_PROBLEM DESCRIPTION_: All the data that follows should be repeated exactly, without a single picture.

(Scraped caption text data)
——
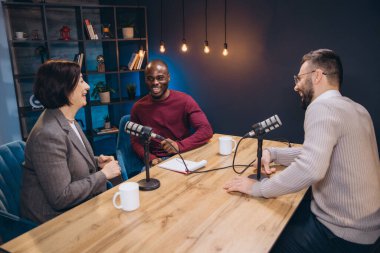 Podcaster 'lar, modern ekipmanlarla dolu canlı ve profesyonel bir stüdyoda yeni bir bölüm çekerken kahkaha ve bağlantının keyfini çıkarıyorlar.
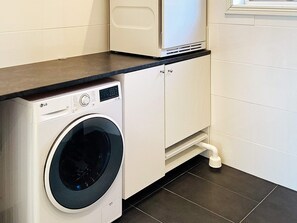 Een kleine wasruimte met een wasmachine, een kast en een werkblad.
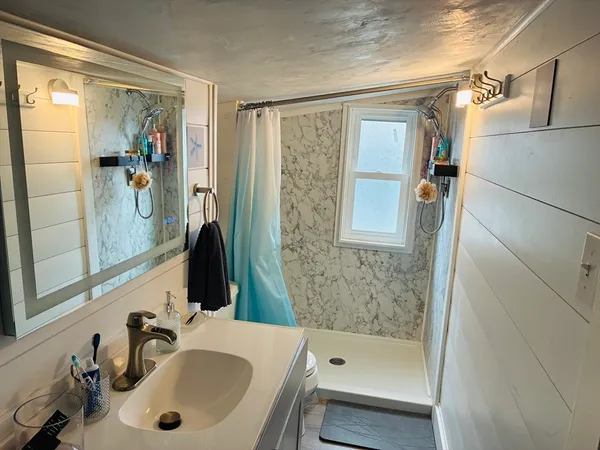 a bathroom with a sink and a tub
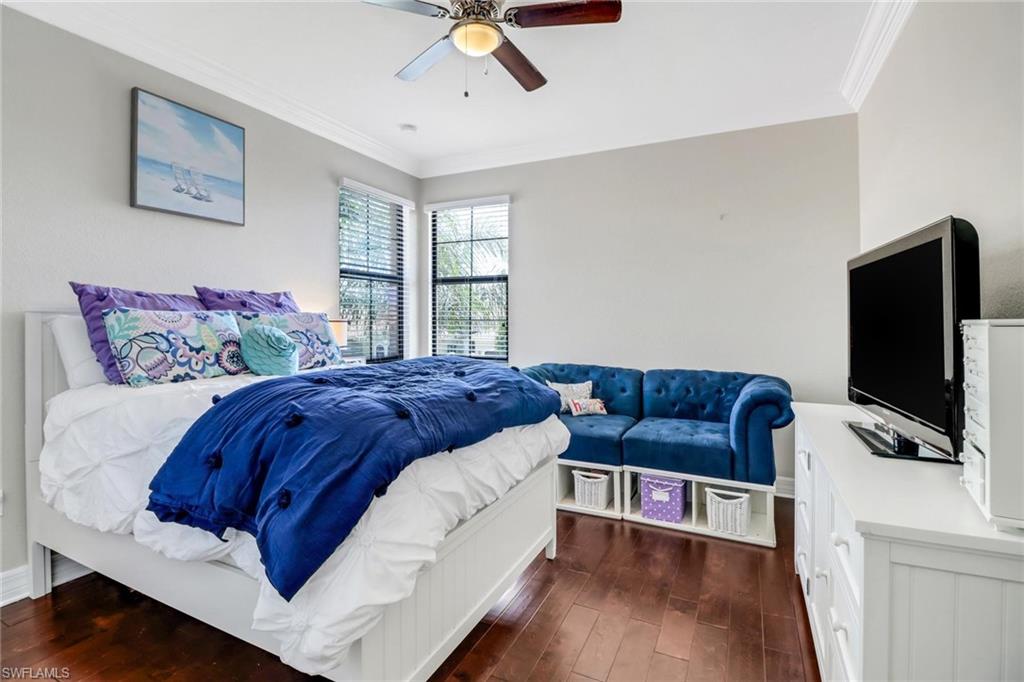 3260 Atlantic Circle Naples, FL 34119 - Photo 29 of 50 a bedroom with a bed and a flat screen tv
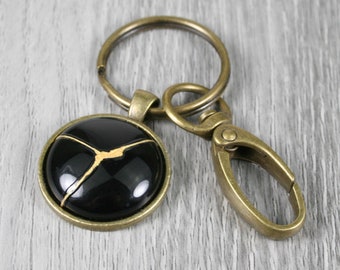 Kintsugi repaired black agate key chain with an antiqued brass swivel lobster claw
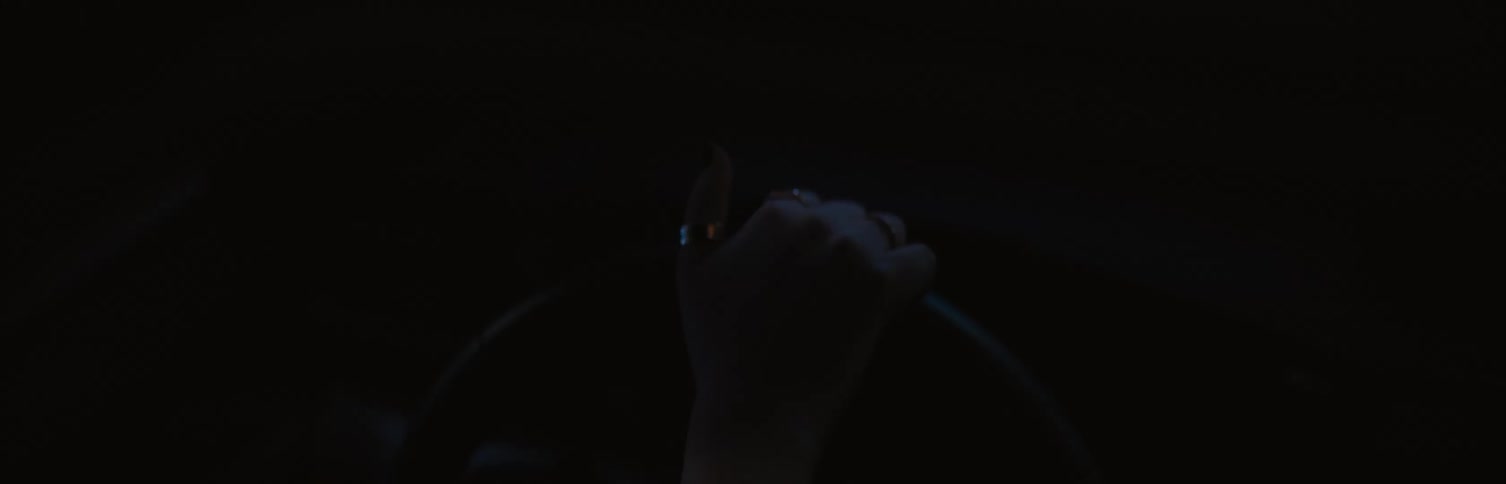 A flare of bright lights on a womans hand as she steers a car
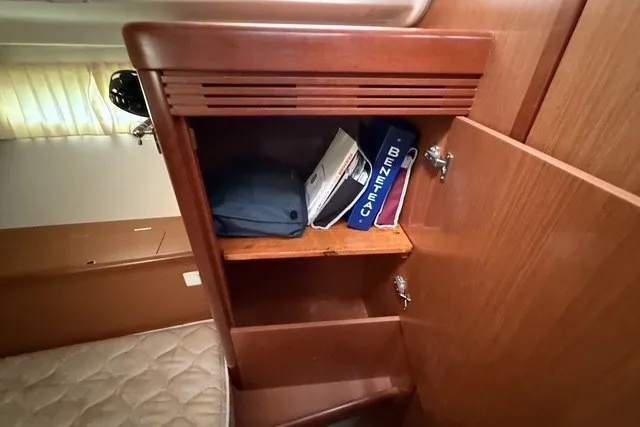Slide: The Image of Wooden cabinet in a 2008 Beneteau Oceanis 46 yacht interior with manuals and storage. - 62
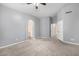 Spacious main bedroom with neutral walls and carpeting, archway to ensuite bath, and walk-in closet at 1778 S Saddle St, Gilbert, AZ 85233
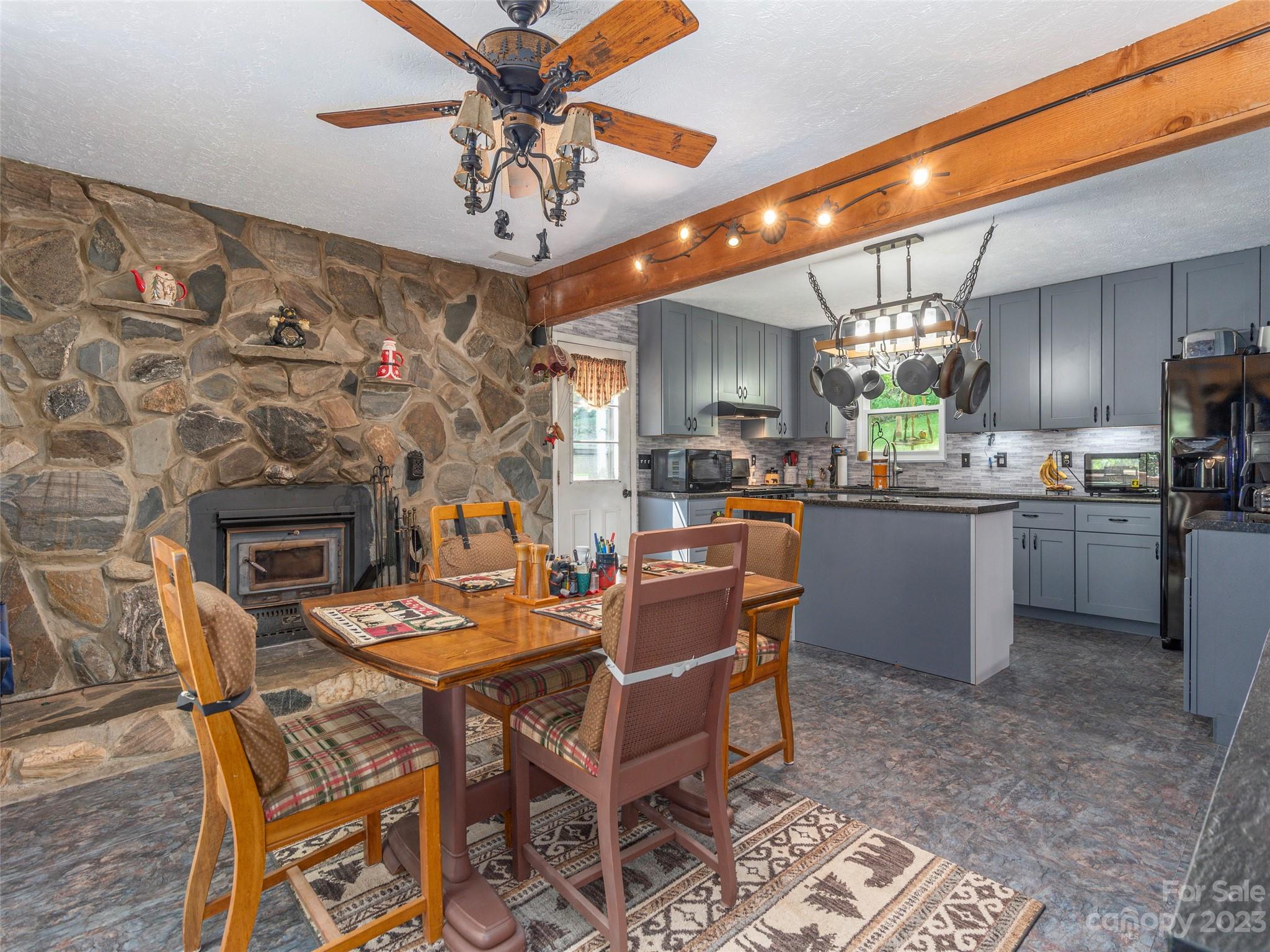 291 Dickinson Drive Clyde, NC 28721 - Photo 8 of 27 a view of a dining room with furniture and chandelier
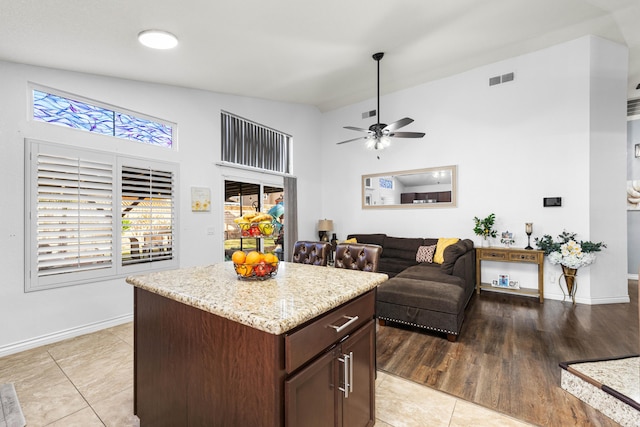 kitchen with dark brown cabinetry, a center island, lofted ceiling, light tile patterned flooring, and ceiling fan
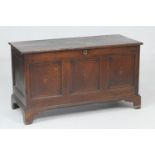 George III oak and inlaid linen box, circa 1790, three plank top over a three recessed panel front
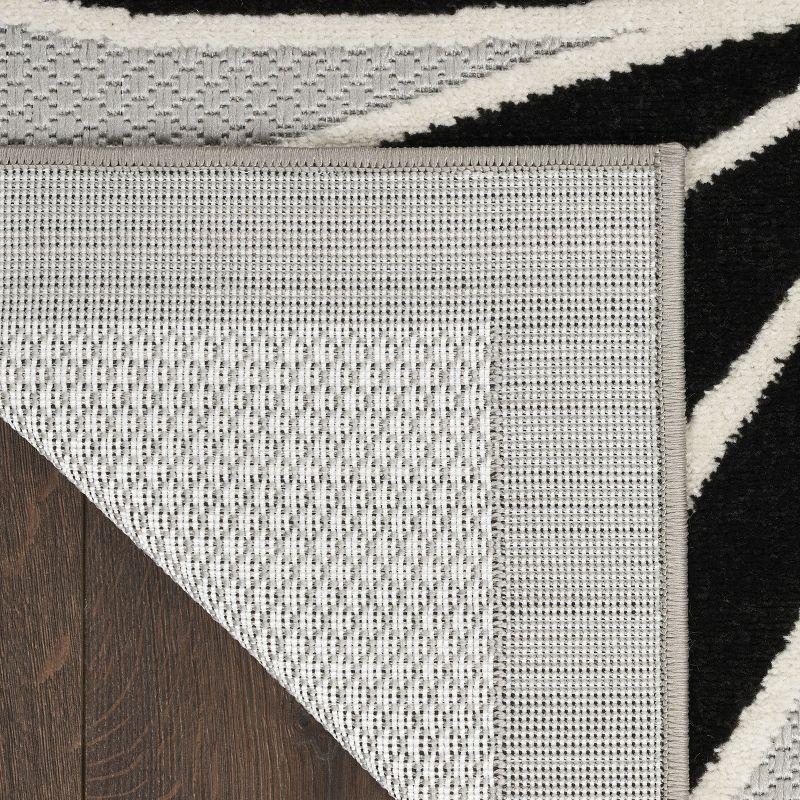 Nourison Aloha Daisy Flower Flatweave High-Low Indoor Outdoor Area Rug Black White 5'3" x 7'5"
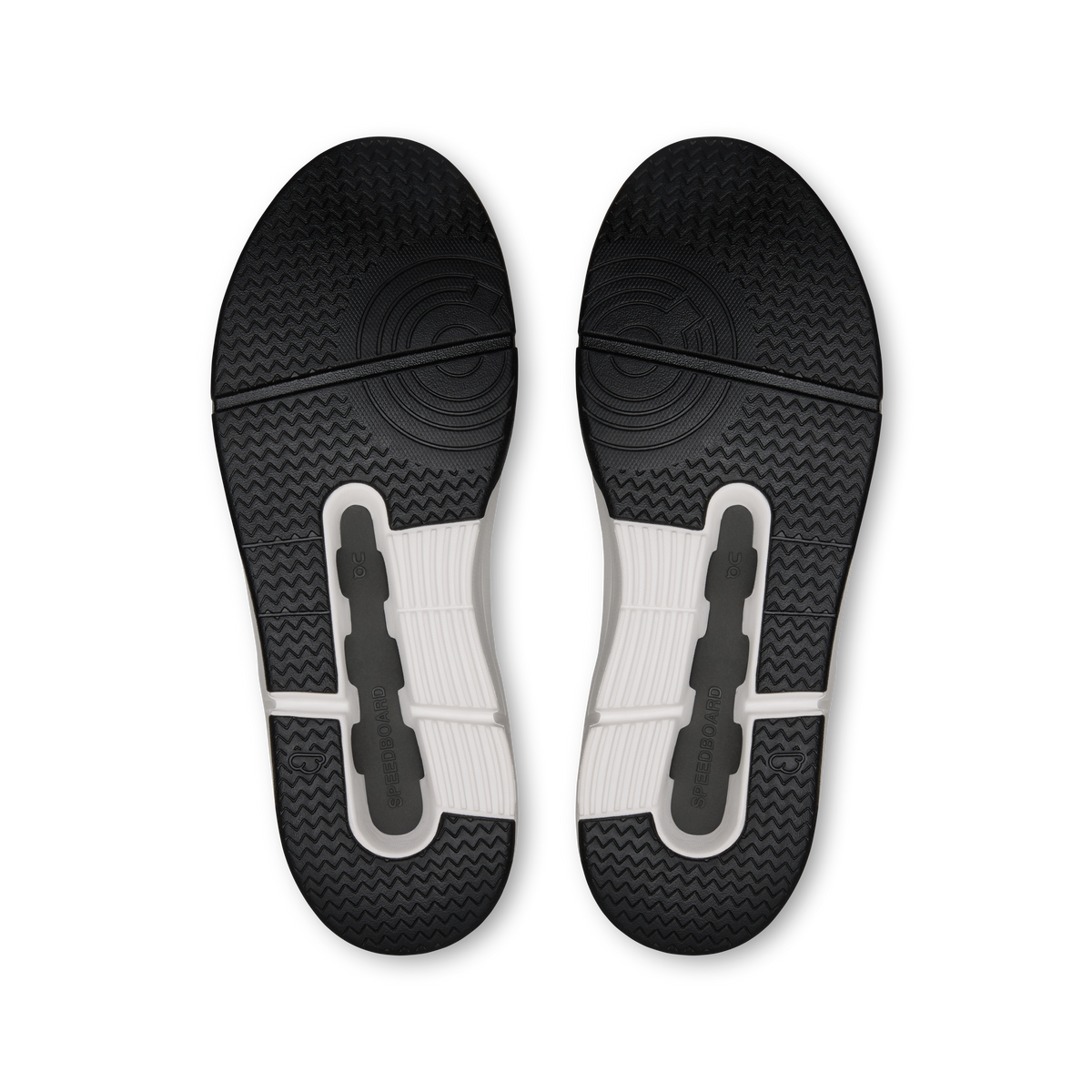 Black rubber outsole with textured tread and cushioned U-shaped traction pads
——
_ANSWER FOR THIS EXERCISE_:
 Podcaster 'lar, modern ekipmanlarla dolu canlı ve profesyonel bir stüdyoda yeni bir bölüm çekerken kahkaha ve bağlantının keyfini çıkarıyorlar.
 Een kleine wasruimte met een wasmachine, een kast en een werkblad.
 a bathroom with a sink and a tub
 3260 Atlantic Circle Naples, FL 34119 - Photo 29 of 50 a bedroom with a bed and a flat screen tv
 Kintsugi repaired black agate key chain with an antiqued brass swivel lobster claw
 A flare of bright lights on a womans hand as she steers a car
Slide: The Image of Wooden cabinet in a 2008 Beneteau Oceanis 46 yacht interior with manuals and storage. - 62
 Spacious main bedroom with neutral walls and carpeting, archway to ensuite bath, and walk-in closet at 1778 S Saddle St, Gilbert, AZ 85233
 291 Dickinson Drive Clyde, NC 28721 - Photo 8 of 27 a view of a dining room with furniture and chandelier
 kitchen with dark brown cabinetry, a center island, lofted ceiling, light tile patterned flooring, and ceiling fan
 George III oak and inlaid linen box, circa 1790, three plank top over a three recessed panel front
 Nourison Aloha Daisy Flower Flatweave High-Low Indoor Outdoor Area Rug Black White 5'3" x 7'5"
 Black rubber outsole with textured tread and cushioned U-shaped traction pads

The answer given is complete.